I mean, we are all a little bit narcissistic, right? Anyone in the creative or entertainment field is. We love the spotlight and the recognition. It means that everything we’ve thought about ourselves up to that point was right. We’re creative geniuses! Now, whether you are an introvert or extrovert is another story. It doesn’t change that we are that “thing.” It just changes how we exhibit that behavior.

For instance, I have an actor friend who is a total extrovert. A day does not go by where this person does not post their latest accomplishments to Facebook, Twitter or anywhere else they can find space. It’s sickening really despite the love I have for this person.

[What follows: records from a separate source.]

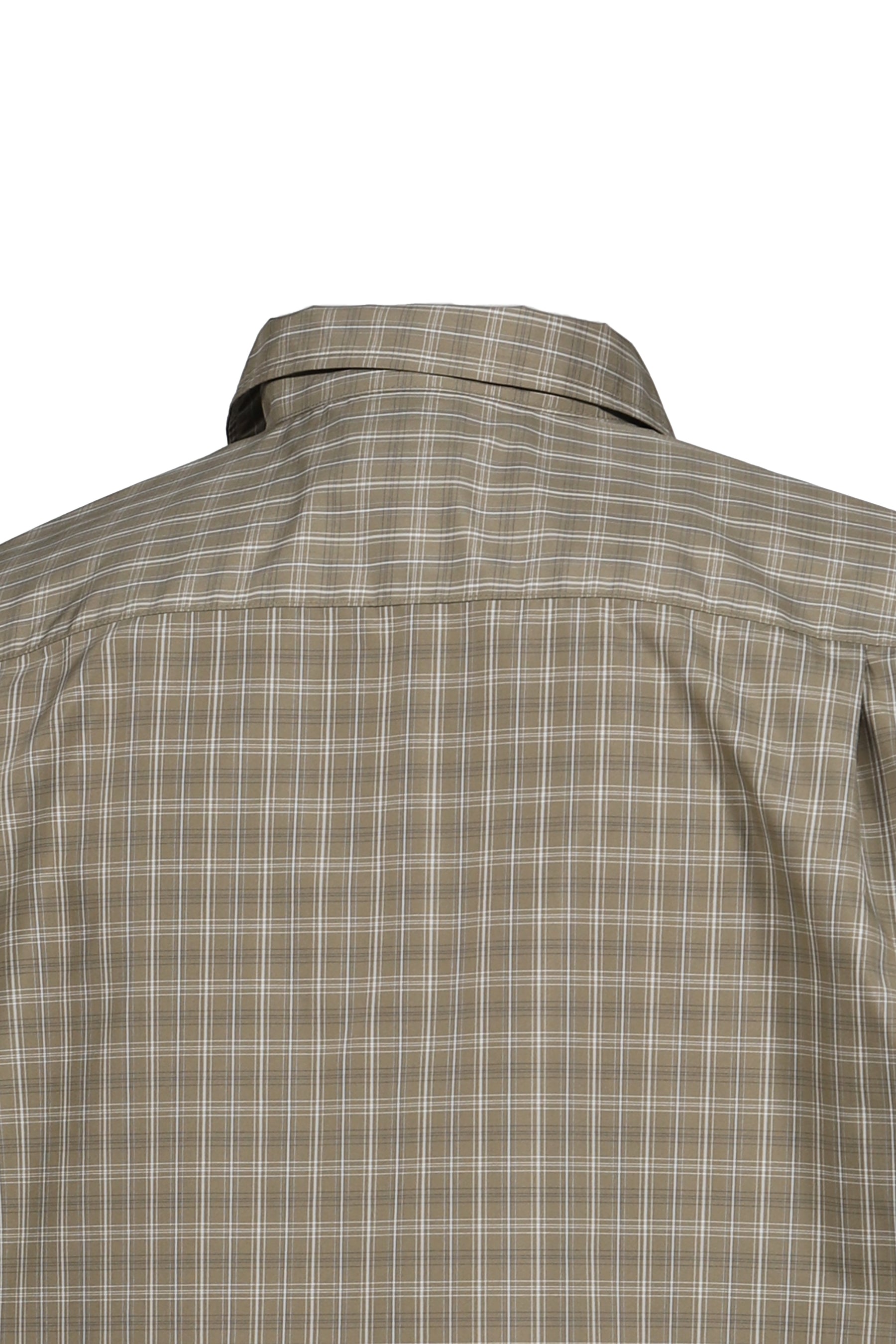 TECH FISHING SHIRT S/S SUMMER PLAID / SAGE GRY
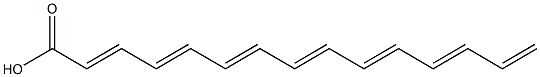 C14-C18/C16-C18 不饱和脂肪酸 结构式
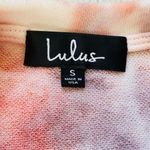 Lulus Hang Loose Multi Tie Dyed Mini Sweatshirt Dress Photo 15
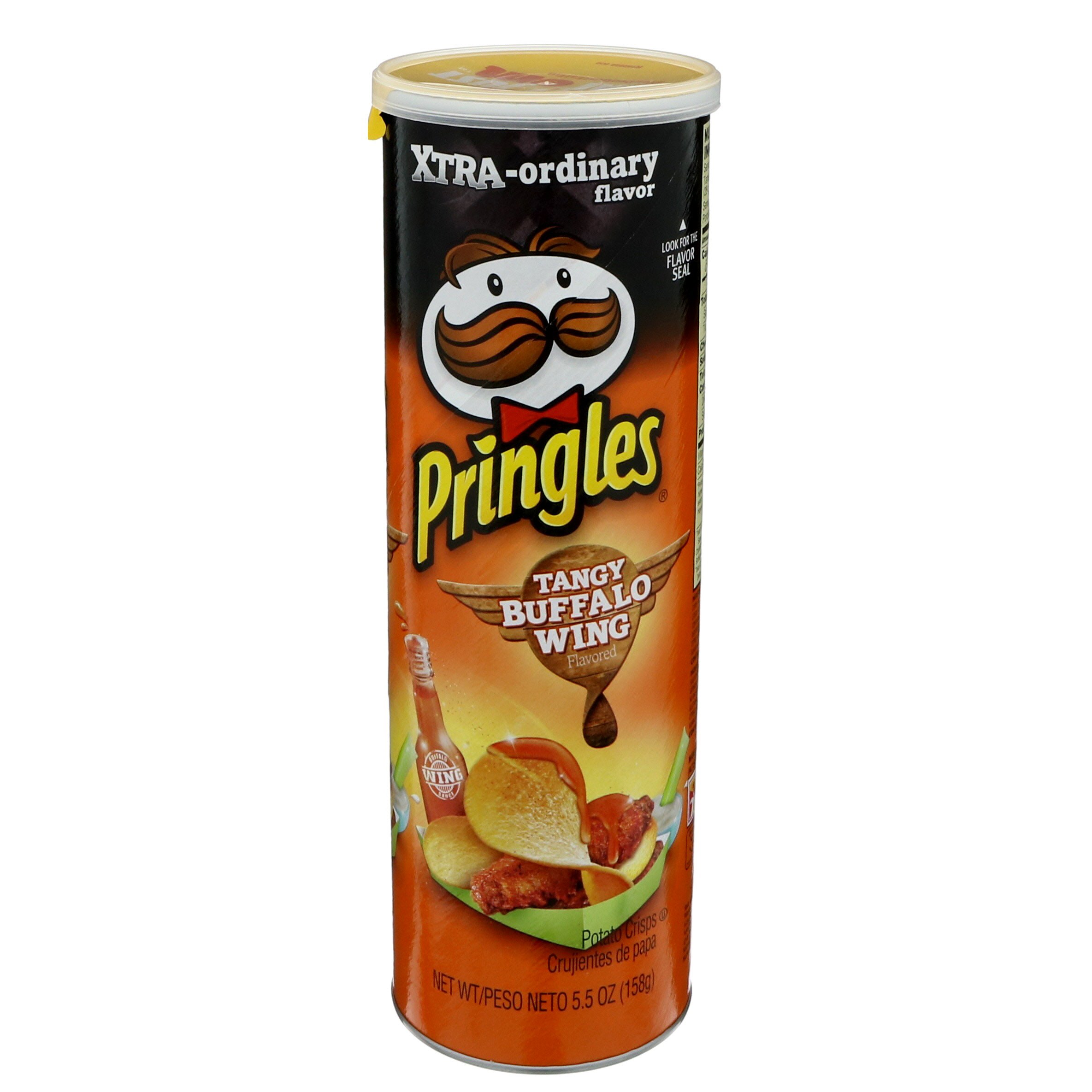 Pringles Tangy Buffalo Wing - Shop Chips at H-E-B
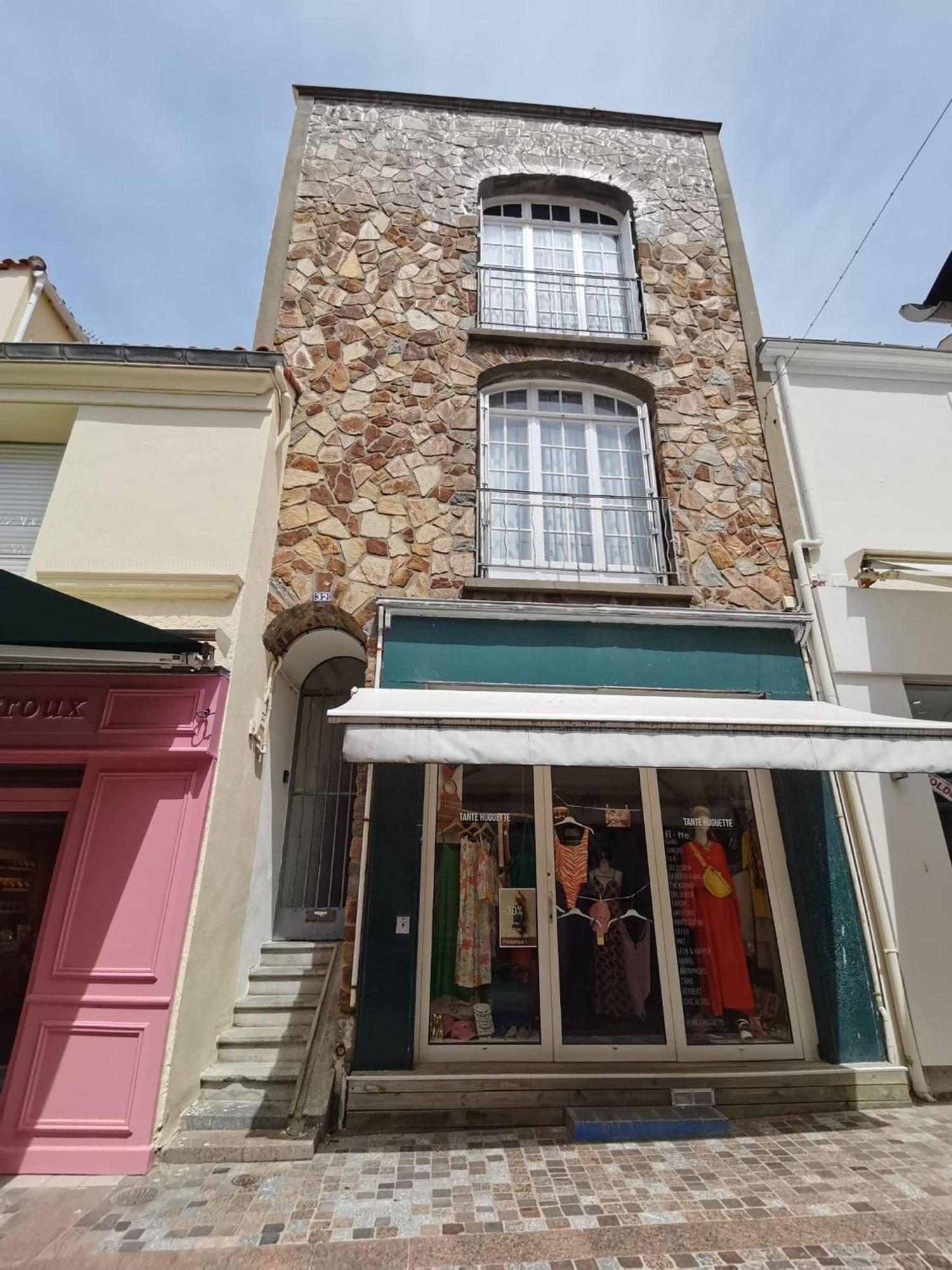 Plein Centre Maison Appartement 100 M De La Plage 150 M Du Port Les Sables-dʼOlonne Exterior foto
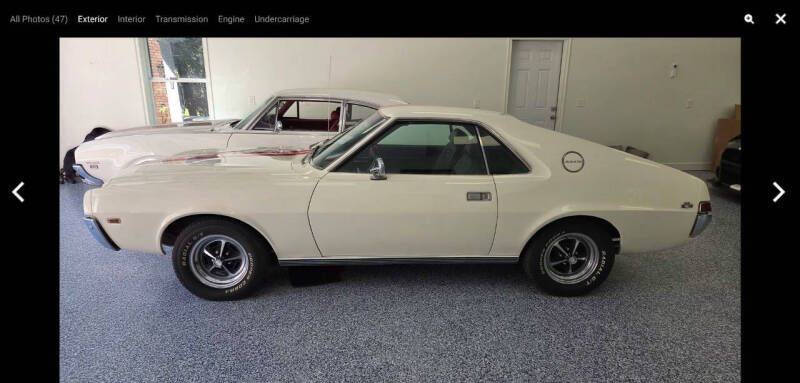 1969 AMC AMX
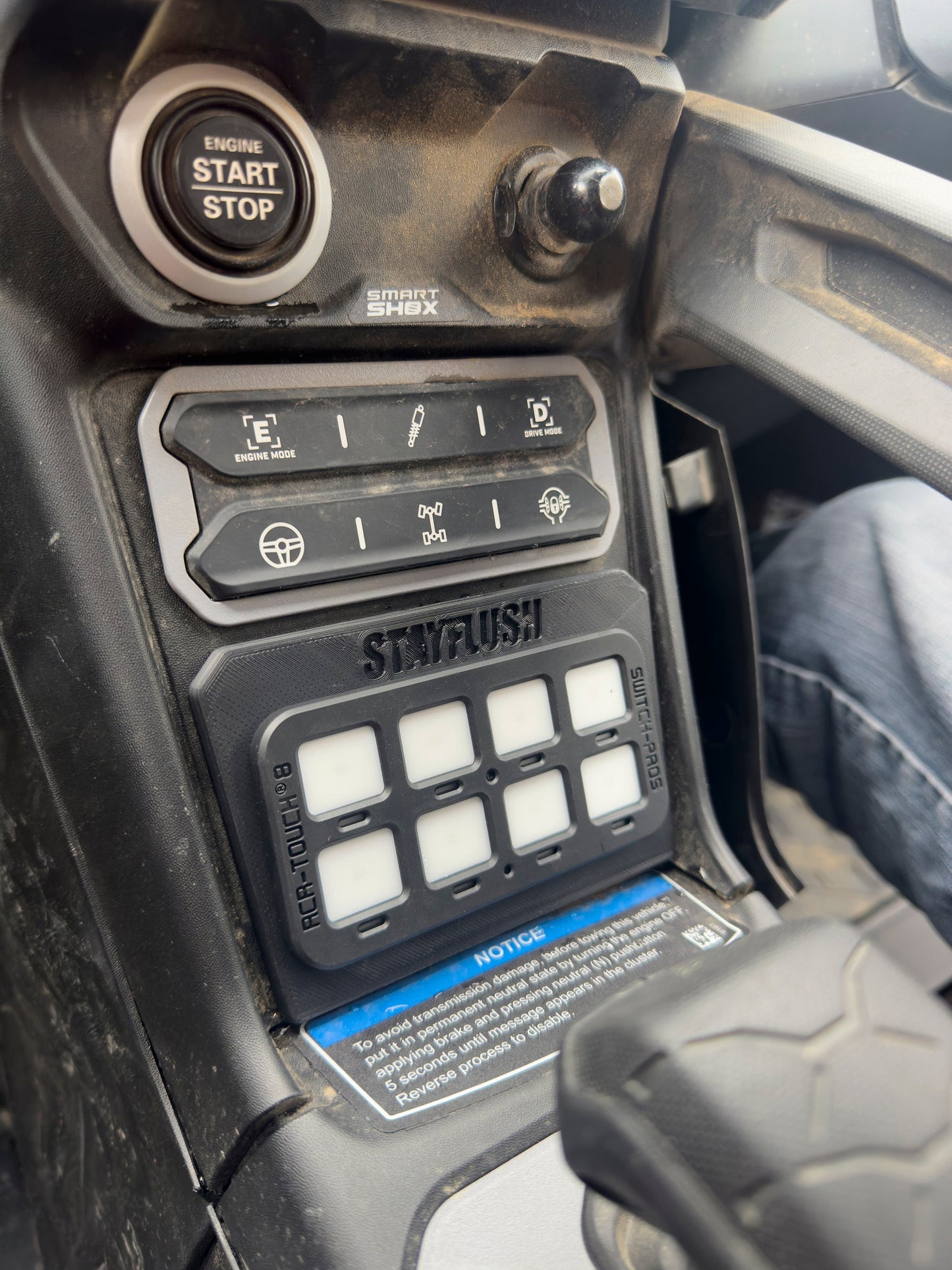 MaverickR SwitchPro 9100 Mount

On the other hand, I have a friend who is a painter. To meet this person you would not know this as this person does not talk about it. But if you go to that person’s house, there is a whole room solely dedicated to the awards, certificates, prizes, upcoming banquets, etc. that this person has received.

Now, some people may disagree with me and that is fine. I have totally based this on my own personal observations and experiences. I’m no Freud.

Me: What does your writing space look like? Is there music, coffee, food? 
Engelia: It’s one of my bedrooms that I turned into an office. I think it’s pretty boring but it works. I have my desk from Target with my laptop, pens, pencils and a television right by a window. I like writing with the television on. I am totally addicted to crime and mystery reality shows such as 48 hours, Snapped, etc.

My ideal writing space would be all whites and creams overlooking a beach in the Caribbean. There would be a walk out patio that met the sand. Margaritas would be the drink of the day every day.

Me: Any advice for fellow writers? 
Engelia: Seek out criticism. Take what you can use from a critique and toss the rest. Also, don’t take it personally. Everyone has an audience. You just need to find yours. It’s very important to edit, edit and edit some more. Just don’t do it to the point where you never turn that manuscript into a book and take it to the publisher.

Quick fire questions: 

Me: Summer or winter? 
Engelia: Summer all the way. I am not a fan of the cold which is why Miami is my go to always. I lived in Miami at one point and I miss it like crazy.
Me: Fork or Spoon? 
Engelia: Hands?
Me: Vampire or Werewolf? 
Engelia: Vampire
Me: Fast food or a home-cooked meal? 
Engelia: What’s a home cooked meal?



  1. Thank you, Zoe for the interview. As an unpublished writer, I was very excited about the opportunity. I can't wait until I can send you an ARC of the finished project. Thanks!

    1. You're very welcome, Engelia. It was a pleasure working with you. :-)

      That would be awesome, can't wait!